MNIST (“Modified National Institute of Standards and Technology”) is the de facto “hello world” dataset of computer vision.
The dataset contains gray-scale images of hand-drawn digits, from zero through nine.
XGBoost is not well suited to computer vision problems, nevertheless, it can be used and achieve modest performance.
Download the Training Dataset
The first step is to download the train.csv
training dataset from the competition website.
This will require you to create an account and sign-in before you can access the dataset.
We may have to accept the competition rules.
Finally, we can download the train.csv.zip
file that contains the train.csv
data set.
XGBoost Example
Next, we can address the dataset with XGBoost.
This example will demonstrate how to download the training dataset, explore the data, perform hyperparameter tuning with XGBoost, save the best model, load it, and use it to make predictions.
import numpy as np
import pandas as pd
from sklearn.model_selection import GridSearchCV, train_test_split
from sklearn.metrics import accuracy_score
from xgboost import XGBClassifier
from collections import Counter
# Load the training dataset
dataset = pd.read_csv('train.csv')
# Split into input and output elements
X, y = dataset.values[:,1:], dataset.values[:,0]
# Print key information about the dataset
print(f"Dataset shape: {dataset.shape}")
print(f"Number of features: {X.shape[1]}")
print(f"Target variable: {dataset.columns[0]}")
print(f"Class distributions: {Counter(y)}")
# Split into train and validation sets
X_train, X_valid, y_train, y_valid = train_test_split(X, y, test_size=0.2, random_state=42, stratify=y)
# Define parameter grid
param_grid = {
'max_depth': [3, 5, 7, 19],
'learning_rate': [0.1, 0.01],
'n_estimators': [1000],
'colsample_bytree': [0.8, 1],
'reg_alpha': [0, 0.5, 1],
'reg_lambda': [0, 0.001, 0.1, 0.5, 1],
'subsample': [0.8, 1],
}
# Create XGBClassifier
model = XGBClassifier(objective='multi:softprob', tree_method='hist', random_state=42, n_jobs=2)
# Perform grid search
grid_search = GridSearchCV(estimator=model, param_grid=param_grid, cv=3, n_jobs=4, pre_dispatch=4, verbose=1)
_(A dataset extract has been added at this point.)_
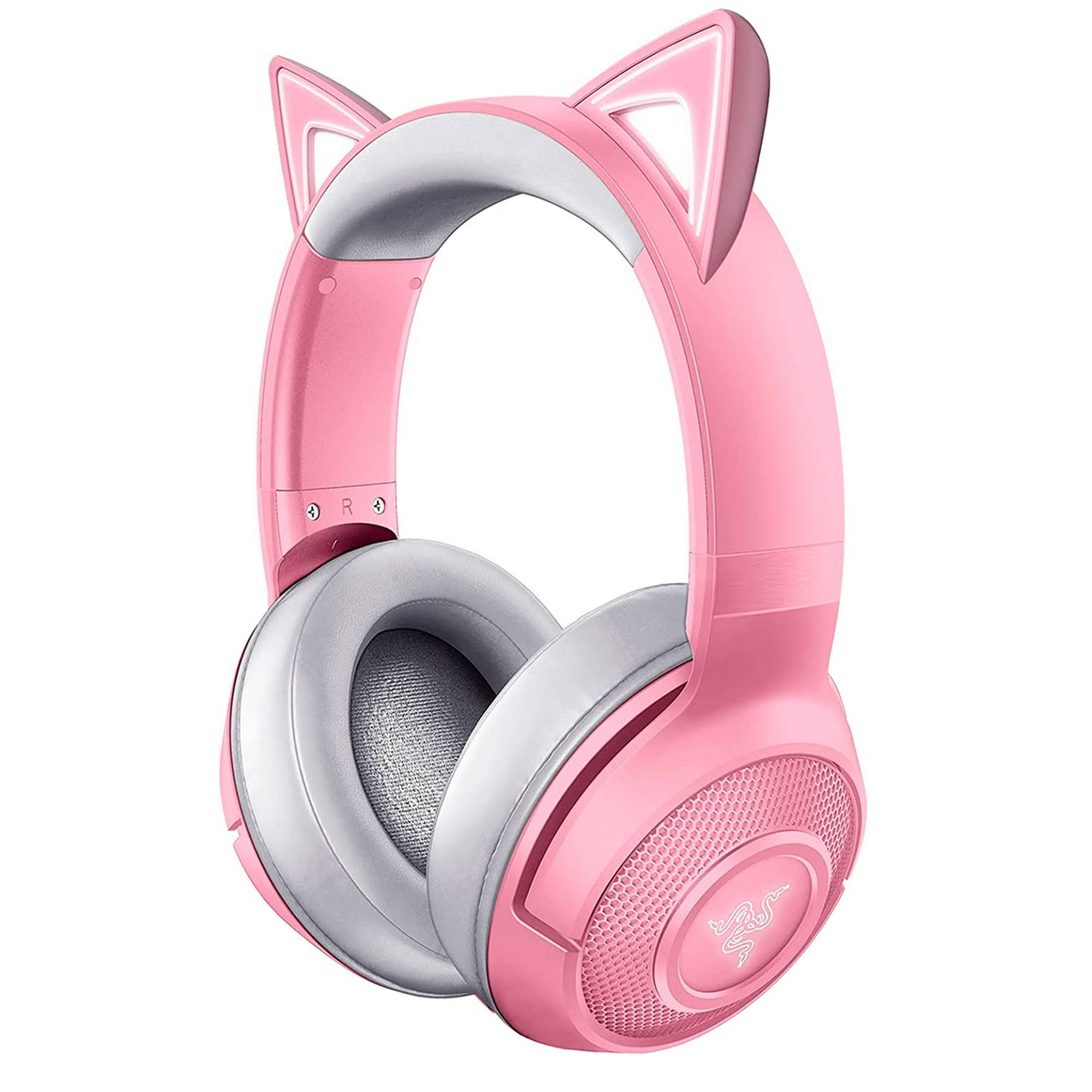 Razer Kraken Kitty BT Chroma RGB Wireless Bluetooth Headset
grid_search.fit(X_train, y_train)
# Print best score and parameters
print(f"Best score: {grid_search.best_score_:.3f}")
print(f"Best parameters: {grid_search.best_params_}")
# Access best model
best_model = grid_search.best_estimator_
# Save best model
best_model.save_model('best_model_minst.ubj')
# Load saved model
loaded_model = XGBClassifier()
loaded_model.load_model('best_model_minst.ubj')
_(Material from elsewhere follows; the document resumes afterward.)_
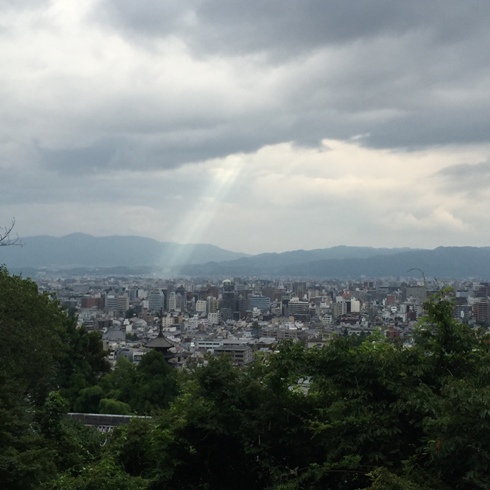 京都霊山護国神社（坂本龍馬の墓）_d0134785_13202557.jpg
# Use loaded model for predictions
predictions = loaded_model.predict(X_valid)
# Print accuracy score
accuracy = accuracy_score(y_valid, predictions)
print(f"Accuracy: {accuracy:.3f}")
Load the dataset using pandas. The dataset contains 42,000 samples and 784 pixel input features.
The target variable is the digital category, which has 9 possible classes: hand written digits 0 through 9). We split the data into train and validation sets.
Next, we define a parameter grid with common XGBoost hyperparameters, create an XGBClassifier
with the multi:softprob
objective for multiclass classification and ‘hist’ tree type for performance, and perform a grid search with 3-fold cross-validation to find the best parameters.
After printing the best score and parameters, we access the best model, save it to disk, load the saved model, use it to make predictions on the validation set, and print the multiclass classification accuracy.
Running this code will output results similar to:
Dataset shape: (42000, 785)
Number of features: 784
Target variable: label
Class distributions: Counter({1: 4684, 7: 4401, 3: 4351, 9: 4188, 2: 4177, 6: 4137, 0: 4132, 4: 4072, 8: 4063, 5: 3795})
Fitting 3 folds for each of 480 candidates, totalling 1440 fits
Best score: 0.851
Best parameters: {'colsample_bytree': 0.8, 'learning_rate': 0.1, 'max_depth': 19, 'n_estimators': 1000, 'reg_alpha': 0.5, 'reg_lambda': 0.001, 'subsample': 0.8}
Accuracy: 0.835
This example demonstrates the end-to-end process of using XGBoost on a Kaggle dataset, from downloading the data to making predictions with a tuned model.